1. Prevalence of inherited antithrombin, protein C, and protein S deficiencies in portal vein system thrombosis and Budd-Chiari syndrome
: a systematic review and meta-analysis of observational studies.
J Gastroenterol Hepatol. 2013 Mar;28(3):432-42.
 
9ヶのスタディのメタ解析において、門脈系血栓症の原因として遺伝性AT3 欠乏 3.9%、遺伝性プロテインC欠乏5.6%、遺伝性プロテインS欠乏 2.6%とされており、プロテインC欠乏症は門脈系血栓症の約5%を占めるようです。 
 
 
2)  つぎに、抗リン脂質抗体症候群APS)で門脈系の血栓症は一般的ではないとは思っていましたが、よく分からないので調べておきます。
(((superior mesenteric vein thrombosis) or (portal vein thrombosis))) AND "Antiphospholipid Syndrome"[Mesh]

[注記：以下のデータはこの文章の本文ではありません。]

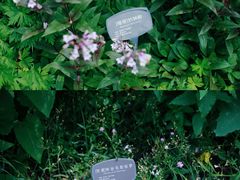 -国家植物园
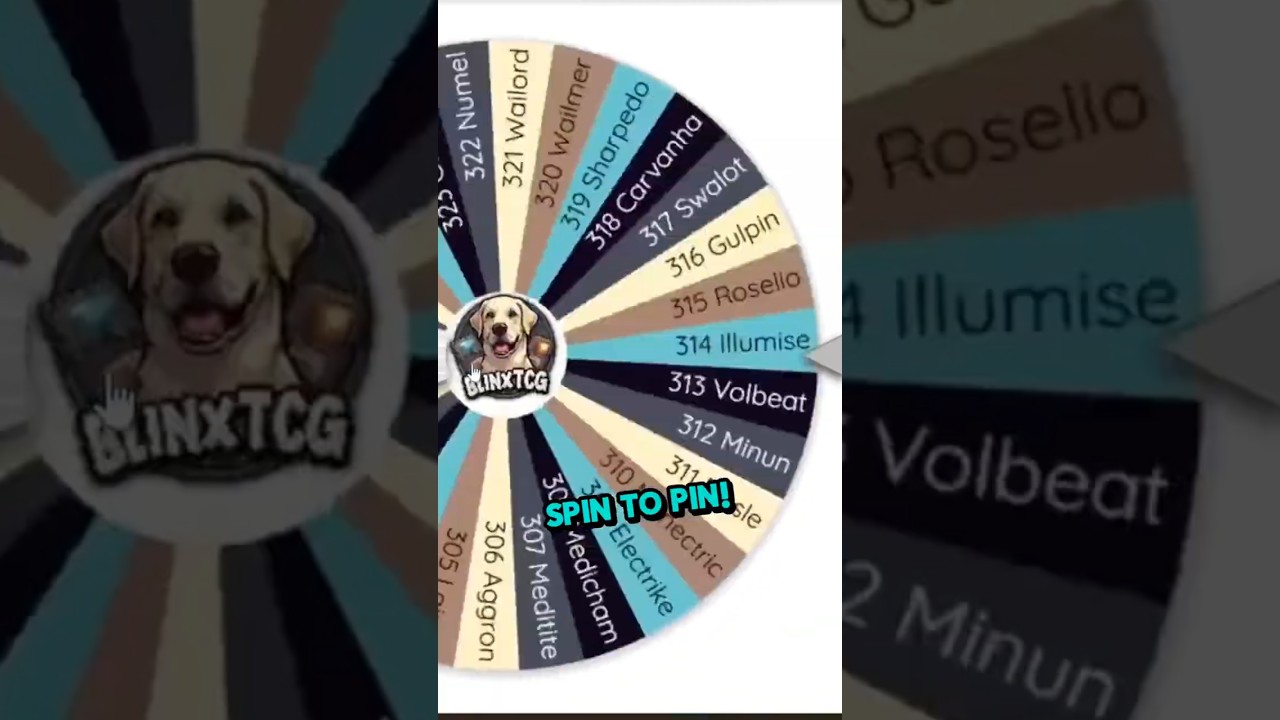 Spin it and Pin it (Ep 1) 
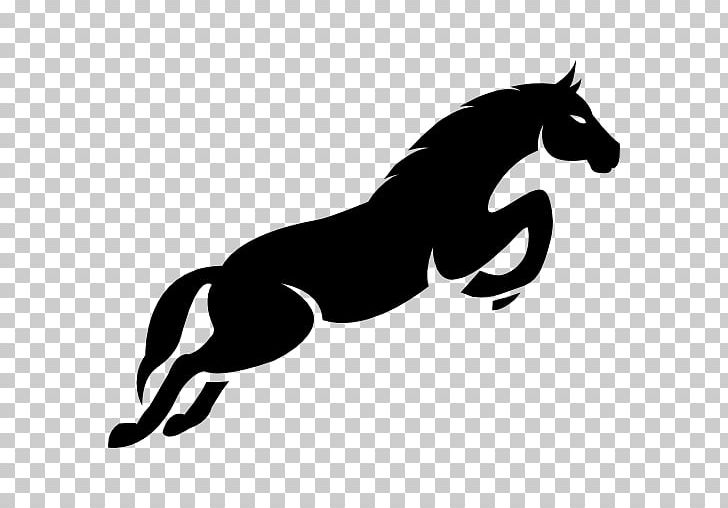 Stallion Mane Mustang Pony Show Jumping PNG, Clipart, Black, Carnivoran, Cat Like Mammal, Dog Like Mammal, English Free PNG Download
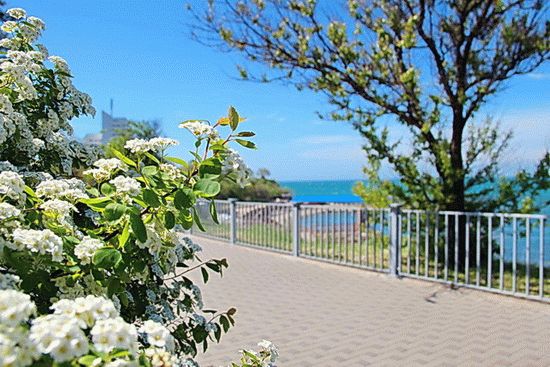 Туры на Черное море в Анапу Туры на Черное море в Анапу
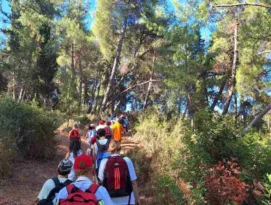 Η Πάτρα σε «συναγερμό» για «πολύ υψηλό κίνδυνο πυρκαγιάς» την Πέμπτη - Πού απαγορεύεται η κυκλοφορία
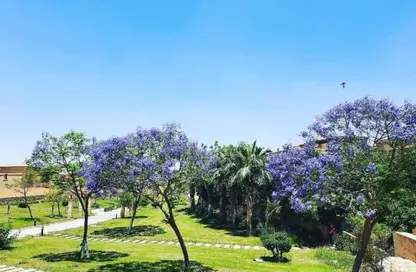Villa - 3 Bedrooms - 4 Bathrooms for sale in Meadows Park - Sheikh Zayed Compounds - Sheikh Zayed City - Giza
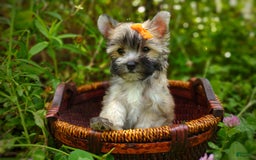 Morkie dogs for sale: Rare Gold Flame - Image 11
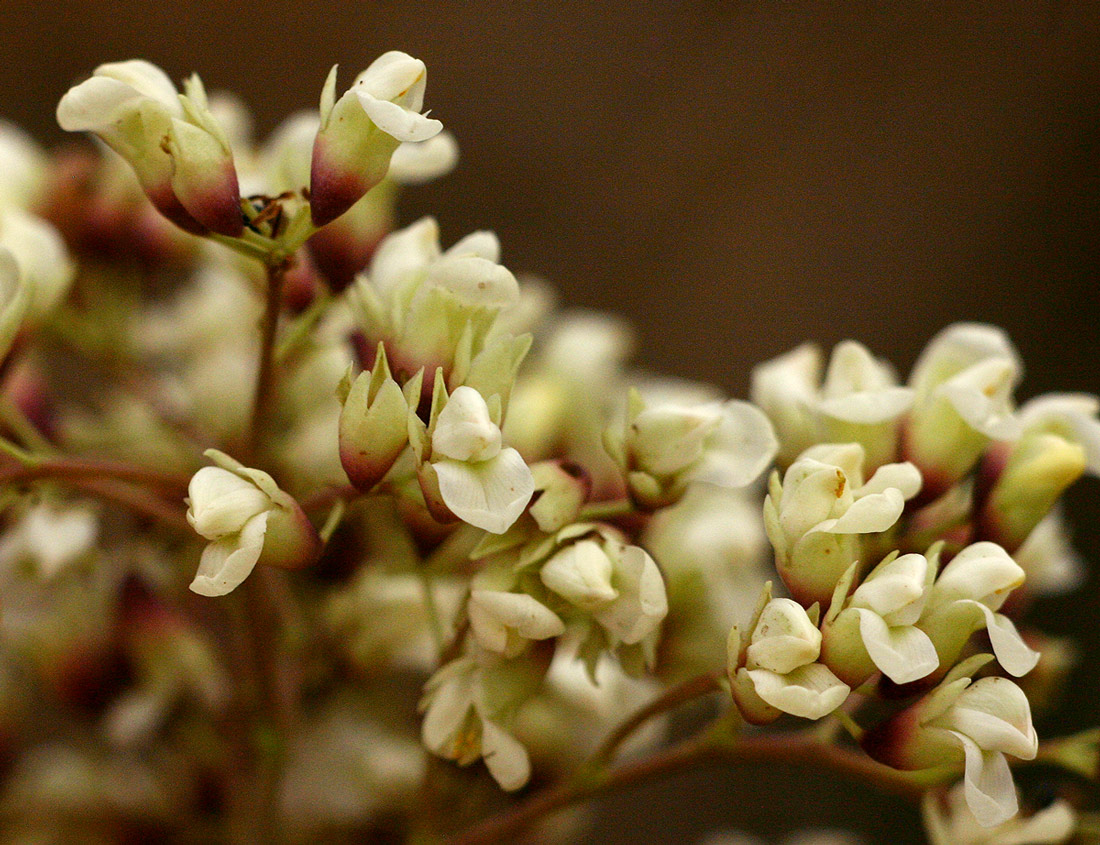 Dalbergia boehmii subsp. boehmii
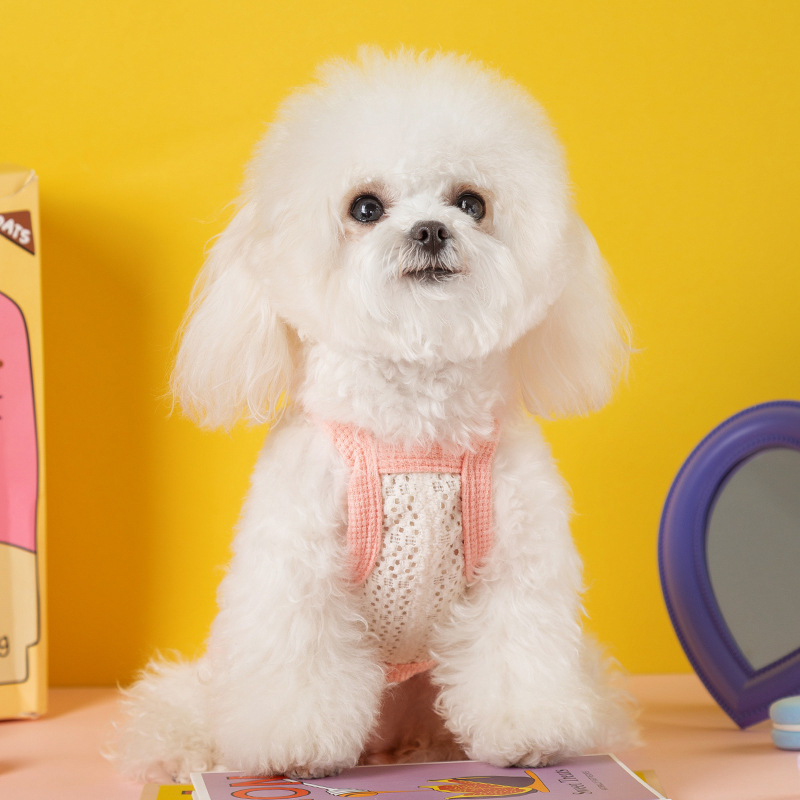Verano lindo amor lazo perro de dos patas cabestrillo perro pequeño y mediano Teddy gato bichón perro mascota ropa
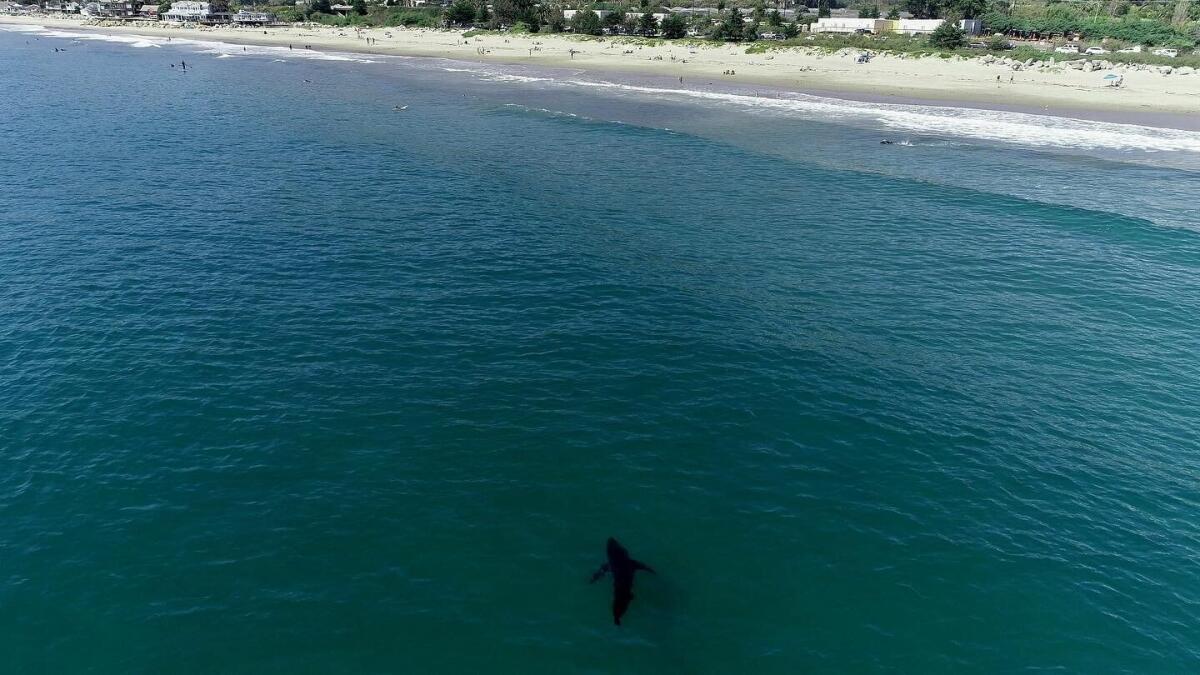A white shark cruises near a shore.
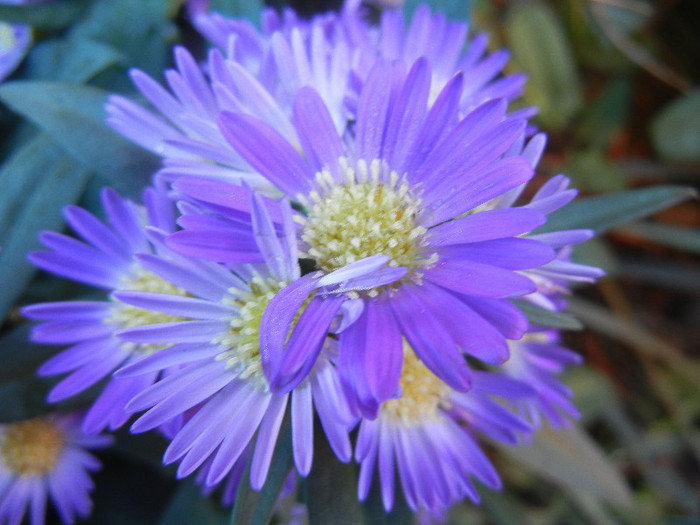 Blue Aster (2012, September 01)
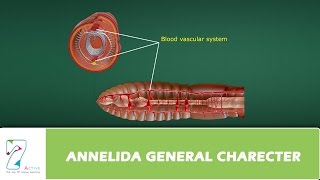 ANNELIDA GENERAL CHARECTER [upl. by Nwahsud]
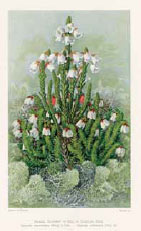 painting of a small, green plant with white and pink flowers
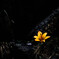 一輪の花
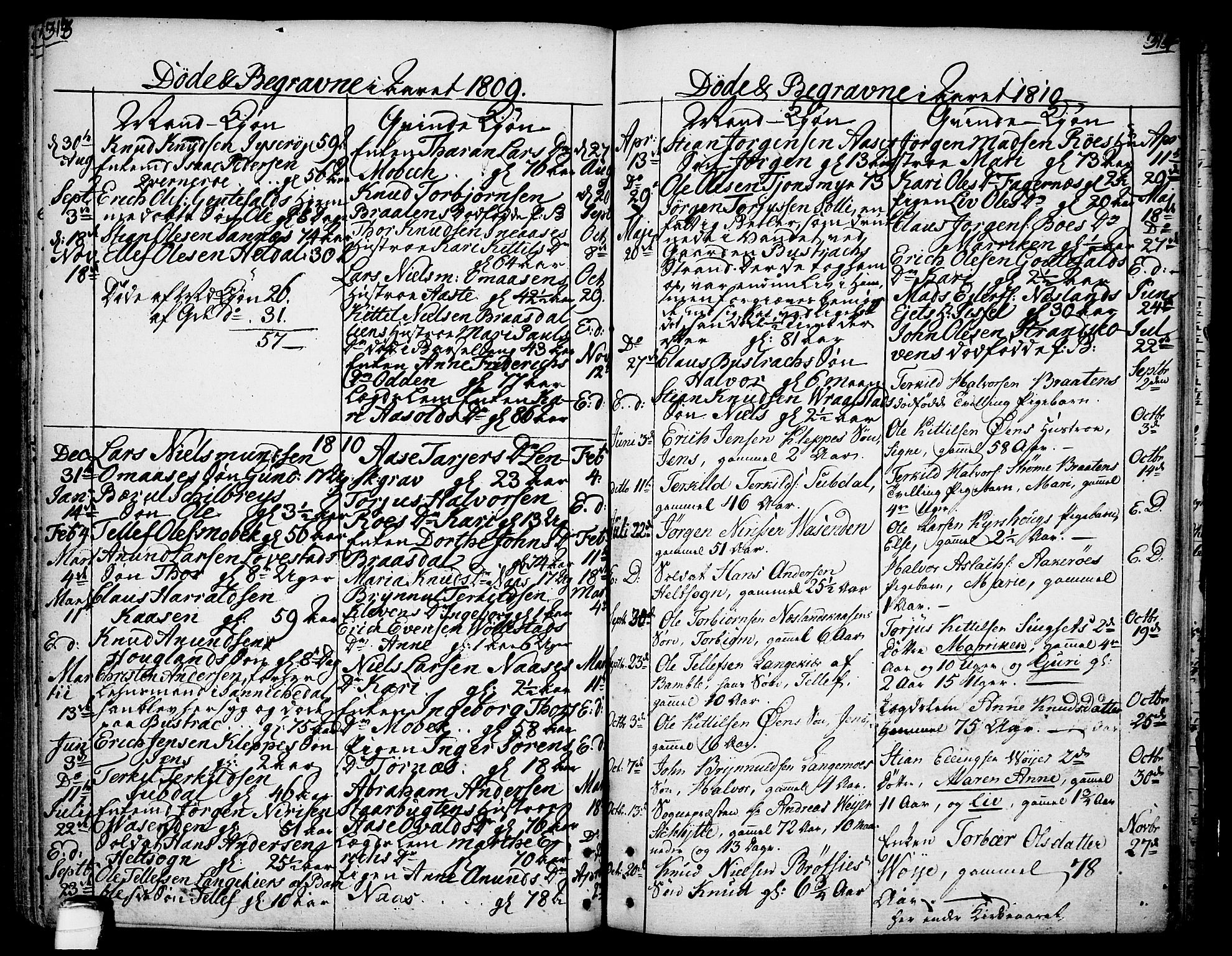 Drangedal kirkebøker, SAKO/A-258/F/Fa/L0003: Parish register (official) no. 3, 1768-1814, p. 313-314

を検索し、47件ヒット;EnglishLimitsして、34
プロテインC欠乏症と同じ程度の報告数があります。ちゃんと勉強しよう!
  
9. The abdominal manifestations of the antiphospholipid syndrome.
Rheumatology (Oxford). 2007 Nov;46(11):1641-7.
OBJECTIVES:
APSの腹部所見を調べること
METHODS:
MEDLINE1968-2006年までの医学文献をレビューした。キーワードはAPS, anticardiolipin antibodies, lupus anticoagulant, antiphospholipid (aPL) antibodies, catastrophic antiphospholipid syndrome, liver, hepatic biliary, pancreas, spleen, gastrointestinal and abdominal.
RESULTS:
APSにおいて肝障害がもっともコモンな腹部所見だった。様々な肝障害が報告されており、Budd-Chiari症候群、肝静脈閉塞性疾患、小さい肝静脈の閉塞、結節性再生性過形成、肝梗塞、肝硬変、門脈圧亢進症、自己免疫性肝炎、胆汁性肝硬変。急性の腸管閉塞、腹部アンギ―ナを含む。腸管出血も抗リン脂質抗体と関連したと報告されている。脾梗塞と急性膵炎の症例が散在性にわずかなながら報告されている。
CONCLUSION:
APSの患者では腹部疾患のいかなるサインに対しても強い疑いを考慮すべし。肝静脈閉塞や説明がつかない腹部アンギ―ナの患者では抗リン脂質抗体のスクリーニングを行うべきだ。
 
2007年の文献レビューでは門脈圧亢進症の報告はありますが、門脈血栓症の記載がありません。
 
3. Antiphospholipid antibodies and antiphospholipid syndrome: role in portal vein thrombosis in patients with and without liver cirrhosis.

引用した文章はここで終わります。